*Image-text web data:*
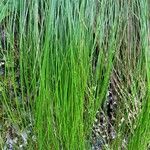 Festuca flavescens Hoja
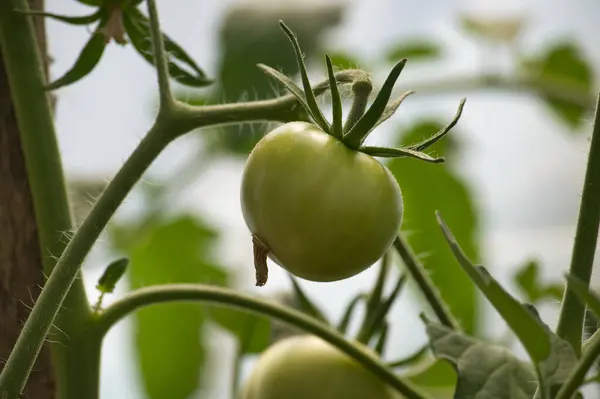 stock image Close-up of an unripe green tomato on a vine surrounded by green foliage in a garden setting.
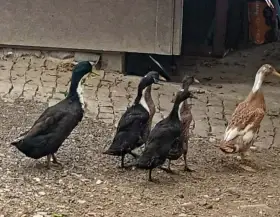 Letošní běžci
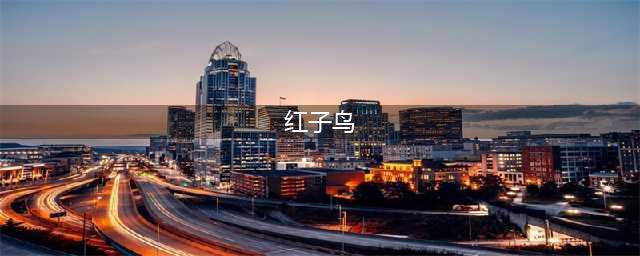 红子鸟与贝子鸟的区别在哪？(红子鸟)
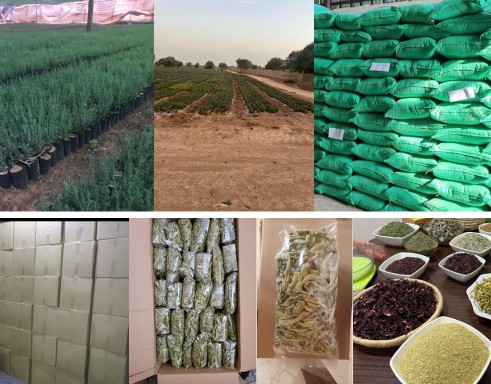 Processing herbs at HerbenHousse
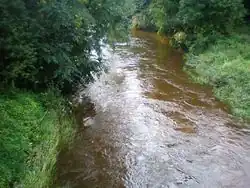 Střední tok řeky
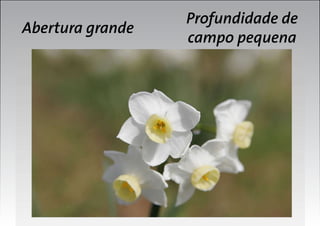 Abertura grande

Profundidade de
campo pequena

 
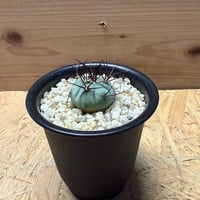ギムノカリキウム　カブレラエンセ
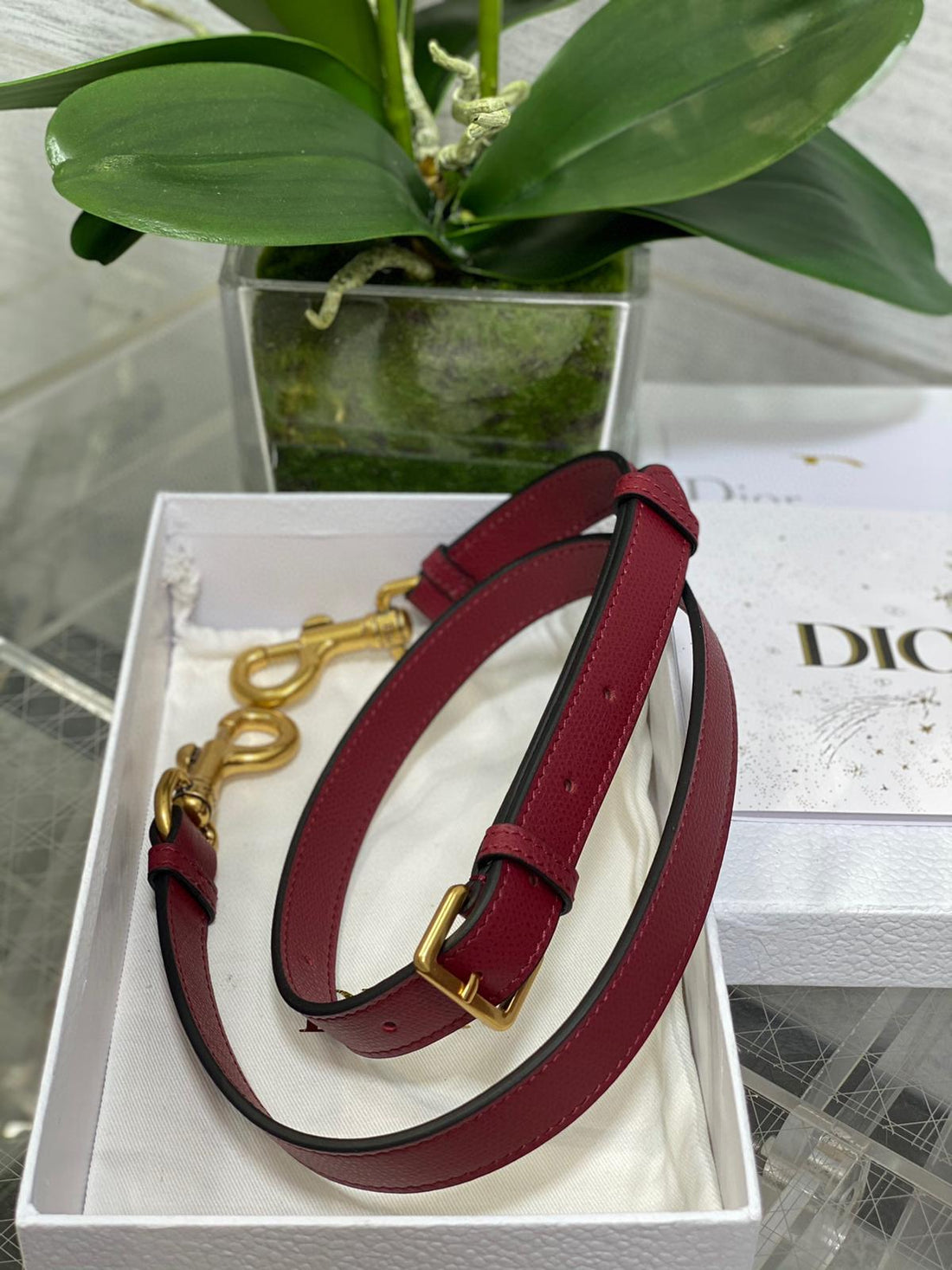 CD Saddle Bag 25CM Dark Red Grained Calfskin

*AIM OF THE TASK:*
I'd like the records above given again exactly, please, without the pictures.

*WRITTEN SOLUTION:*
 Festuca flavescens Hoja
 stock image Close-up of an unripe green tomato on a vine surrounded by green foliage in a garden setting.
 Letošní běžci
 红子鸟与贝子鸟的区别在哪？(红子鸟)
 Processing herbs at HerbenHousse
 Střední tok řeky
 Abertura grande

Profundidade de
campo pequena

 
ギムノカリキウム　カブレラエンセ
 CD Saddle Bag 25CM Dark Red Grained Calfskin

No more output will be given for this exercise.